The Asylum for Wayward Victorian Girls by Emilie Autumn

I am so conflicted by this book. How much is autobiographical? How much is fiction? How much of it has been conjured from the author’s mind? I’m not one to disregard anyone’s experience of mental illness – everyone reacts and feels differently to the things that happen in life, and mental illness is wildly unpredictable and different for everyone – but there’s something about The Asylum for Wayward Victorian Girls that screams pretentiousness, a vanity project of someone who wants to say ‘look how crazy and yet how intelligent and aware I am’ by constantly degrading others suffering from mental illness and the trained professionals whose job it is to help.

The hospital entries of Emilie were often difficult to get through as they were so self-centred and mostly unpleasant towards other people – I have no doubt that many people have appalling experiences within hospitals, especially with the stigma still attached to mental health, but this just felt like too much. I find it all highly suspect and can only feel incredibly sorry for the author if that was her experience. Something about the narrative left me cold; I couldn’t empathise or connect with Emilie on any level at all, which is probably why I didn’t enjoy reading her entries. The only writing that felt genuine were some of the excerpts included at the end – they talk of mental illness and self-harm and the damaging society we live in, all with realism and passion that was lacking in the previous diary entries. They felt real, so vivid that it almost took my breath away.

It is about one thing. It is about control. And I am filled with twenty-six years of female rage and a deadly determination to take mine back.

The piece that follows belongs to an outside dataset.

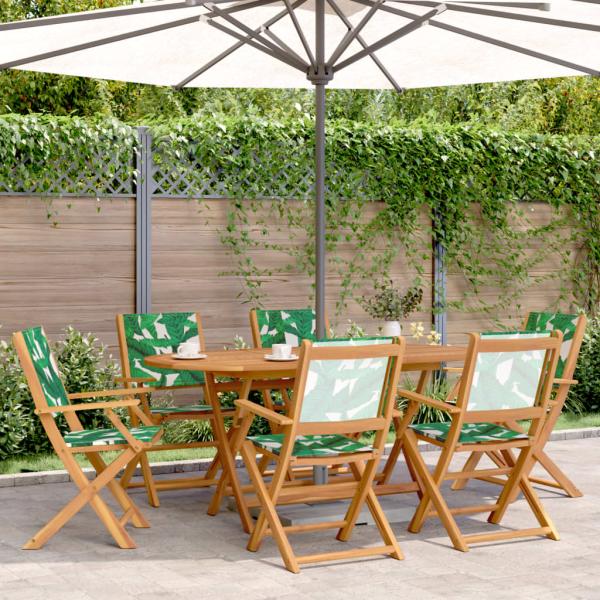 ARDEBO.de - 7-tlg. Garten-Essgruppe Stoff und Massivholz Blattmuster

Although I didn’t enjoy the modern-day entries of Emilie, I did enjoy the story of Emily – a young Victorian woman who finds herself institutionalised at the hand of an evil man. Her experience I can believe; we all know, or should know, how horrifying life could be, especially for women, during that era, with anyone even slightly different being branded as ‘mad’. There is so much anger at the society that controls, tortures, commodifies women and their bodies, and I was seething with anger and heartache at the experiences of Emily and the other girls and women in the asylum. Her experience at the asylum, the torture she received, her friendships with other inmates, the glorious Sir Edward, all made for a strong story of the cruelties suffered by women in Victorian times.

So, not necessarily a bad book, but one that has left me conflicted and unsure – I don’t believe it is possible to say ‘this is my experience with mental illness and therefore this is the only experience’, but this book feels like that a lot of the time. All I will say is if you are suffering, don’t suffer in silence – there are so many options out there, so many services to access if you are struggling with your mental health. Please, please, please, find the thing that helps you – you are so important.